What began as a dispute over an obscure mailing late in the 2014 gubernatorial campaign has escalated into a legal battle with potentially dire consequences for the State Elections Enforcement Commission or the legacy of Gov. Dannel P. Malloy.
Superior Court Judge Antonio C. Robaina will conduct an evidentiary hearing that could determine if the commission can investigate whether the Connecticut Democratic Party illegally supported Malloy’s re-election with contributions from state contractors.
(Update: The hearing scheduled for Tuesday morning has been postponed for at least two days.)
The issue before Robaina, a Democrat appointed to the bench by Republican Gov. John G. Rowland in 1998, is whether to compel the Democratic State Central Committee to comply with the commission’s investigative subpoena demanding a broad array of emails, campaign solicitations and financial documents.
David S. Golub, representing the Democrats, says the party rejected the subpoena as an impermissibly broad fishing expedition. Besides, he says, federal law preempts the commission from regulating get-out-the-vote efforts in federal election years.
If Golub prevails, Malloy is likely to be blamed for a major weakening of campaign finance reforms and the authority of elections regulators.
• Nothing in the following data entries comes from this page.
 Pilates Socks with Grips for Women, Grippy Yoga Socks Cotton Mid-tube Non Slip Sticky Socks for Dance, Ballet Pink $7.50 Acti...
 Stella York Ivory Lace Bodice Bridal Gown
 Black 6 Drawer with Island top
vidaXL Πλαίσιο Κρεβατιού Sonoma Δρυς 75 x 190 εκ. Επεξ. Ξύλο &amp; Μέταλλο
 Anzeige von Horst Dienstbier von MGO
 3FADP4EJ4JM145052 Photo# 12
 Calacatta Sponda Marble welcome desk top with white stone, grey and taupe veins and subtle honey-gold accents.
The office of Attorney General George Jepsen, a Democrat who once led the party as chairman, told the judge in papers filed Monday that the party’s position that federal law preempts the state investigation is “stunning, without merit, and premature.”
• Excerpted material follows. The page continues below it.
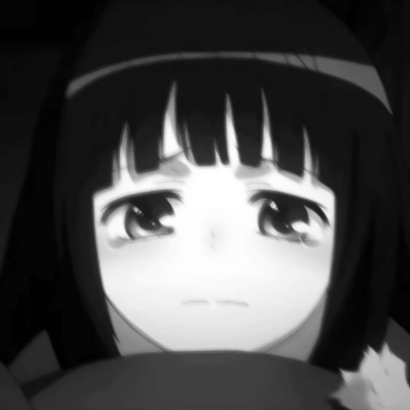 24张黑白丧系二次元女生头像 自带伤感氛围感的动漫女头合集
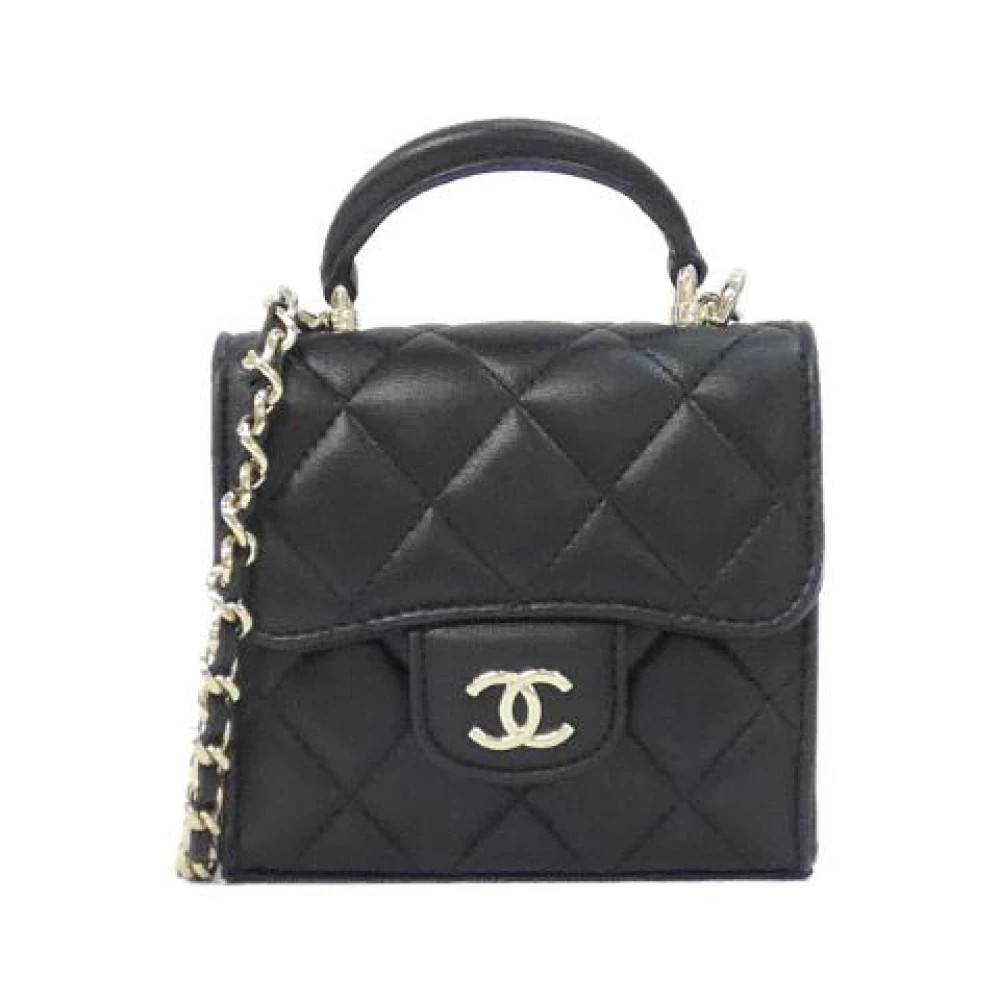 Chanel Vintage Pre-owned Lambskin Skuldertaske - Vintage - Dame - Sort - ONE SIZE - Uld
Every regular election for state office coincides with congressional elections. So, if the party led by Malloy prevails, then one of the bipartisan reforms passed 10 years ago in response to the bid-rigging scandal that drove Rowland from office – a ban on state contractor contributions to state campaigns – essentially will be unenforceable.
“The far-reaching implications of the DSCC’s argument cannot be overstated,” Maura Murphy Osborne, the assistant attorney general representing the elections commission, wrote in a memorandum to the judge.
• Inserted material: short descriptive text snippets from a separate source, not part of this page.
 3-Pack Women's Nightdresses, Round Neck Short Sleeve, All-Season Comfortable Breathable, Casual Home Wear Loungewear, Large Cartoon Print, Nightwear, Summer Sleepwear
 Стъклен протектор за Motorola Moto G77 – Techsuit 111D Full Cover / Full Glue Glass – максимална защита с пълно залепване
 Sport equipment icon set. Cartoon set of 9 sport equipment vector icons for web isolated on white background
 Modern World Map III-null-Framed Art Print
The same year that the General Assembly banned contractor contributions, it created the voluntary Citizens’ Election Program, which further limited the influence of campaign contributions by publicly financing campaigns.
Participating candidates qualified by raising threshold amounts, such as $250,000 for a gubernatorial campaign. No individual can contribute more than $100.
In 2014, Malloy and his Republican opponent, Tom Foley, each were granted $6.5 million in public financing. In total, $33 million in public financing was provided last year to candidates for state legislative and constitutional statewide offices.
“The continued viability and credibility of this important and costly state program hinges on the public’s confidence that it actually advances its intended governmental purpose of reducing the influence of private contributions in the campaigns and governing of officials who participate in the CEP, in particular the influence of prohibited contributors the State has lawfully restricted from funding candidates for State office,” Osborne wrote.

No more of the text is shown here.